--- START ---
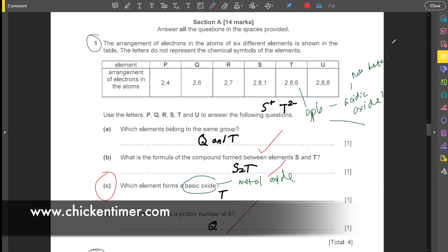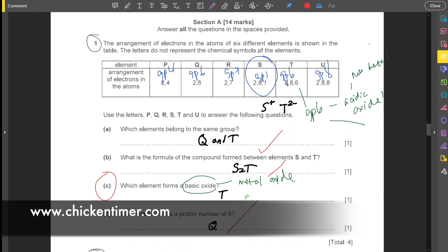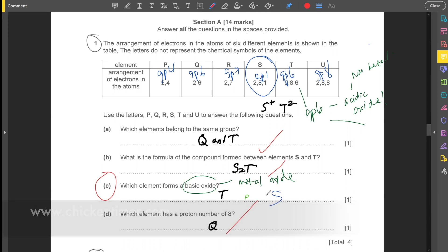So we need to find a metal oxide. P is in group four, and group four is a non-metal, so that's not it. Looking at the groups: group one, group seven, group six, group four, group six again, and group eight — so it should be this one. This is the answer.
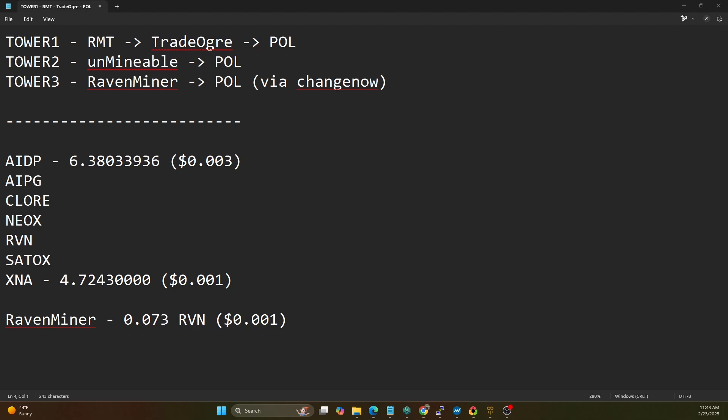And so we're going to let this test run for probably through Mining Disrupt. So we'll probably actually run this test to the end of March, let's say yeah let's say like March 30th or so. So this is actually going to be more of a long-term test.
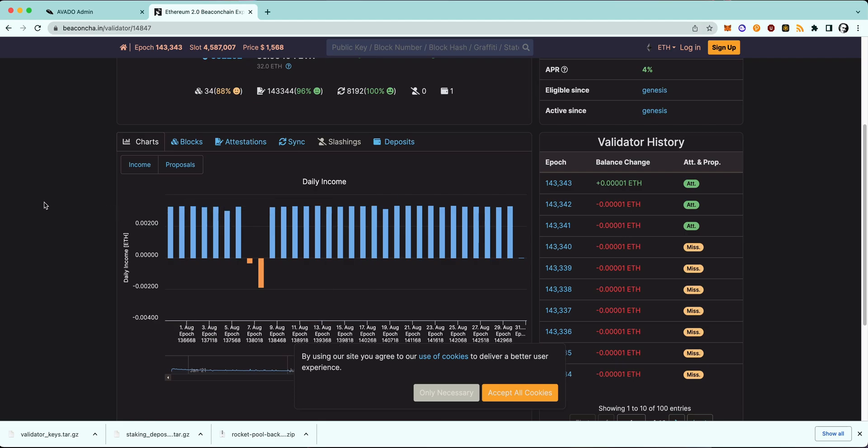Congratulations on moving your validator to your new device, and I will see you in the next tutorial. Bye bye.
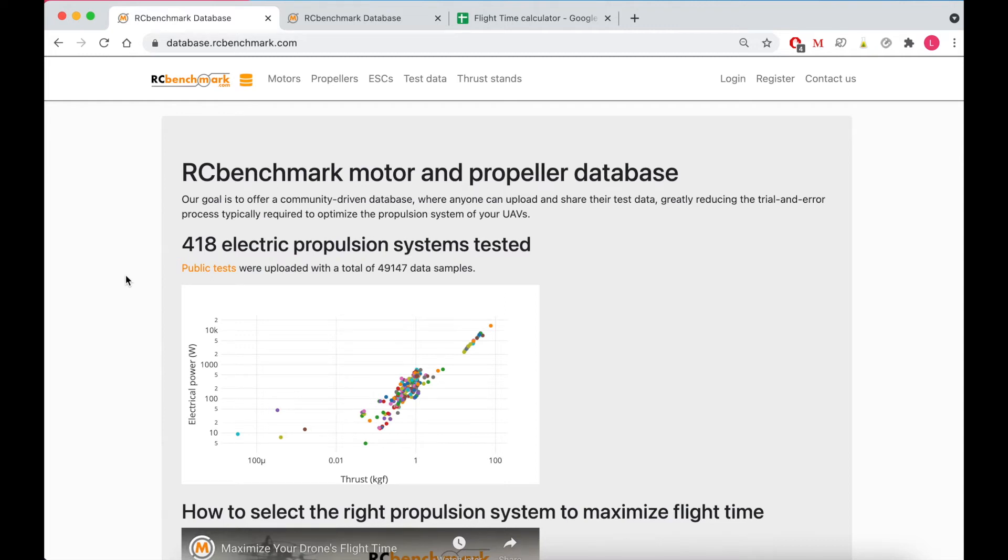Hi guys, Lauren from RCBenchmark here. Welcome back to part two of our database video series.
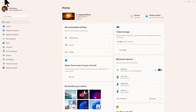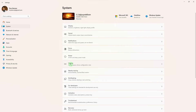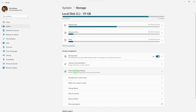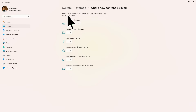In the Settings window, click on System in the left sidebar, click on Storage in the system settings, go to Advanced Storage Settings, then click on the drop-down menu under where new content is saved and choose the desired drive.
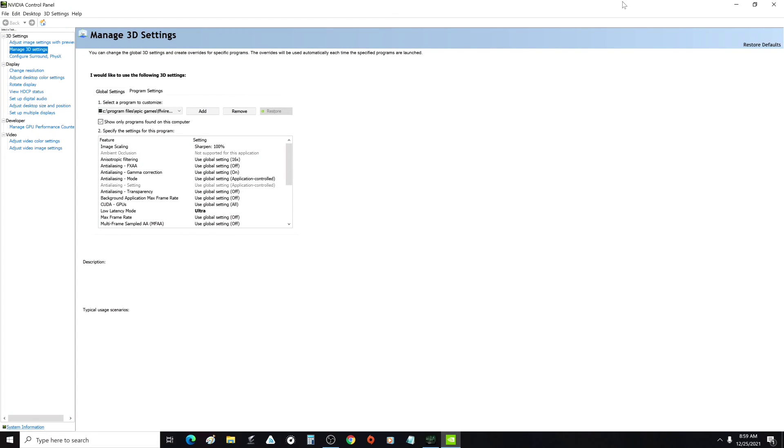If you want to play Final Fantasy 7 Remake on PC without stuttering on decent hardware and you don't want to have to go into DirectX 11 mode or put in a bunch of workarounds, just do this.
--- END ---
## Instructions for the task
The output is the stretch above from the line with "Congratulations on moving" through the line with "Hi guys, Lauren", copied word for word with both ends kept and every picture dropped.

## Your response
Congratulations on moving your validator to your new device, and I will see you in the next tutorial. Bye bye.
Hi guys, Lauren from RCBenchmark here. Welcome back to part two of our database video series.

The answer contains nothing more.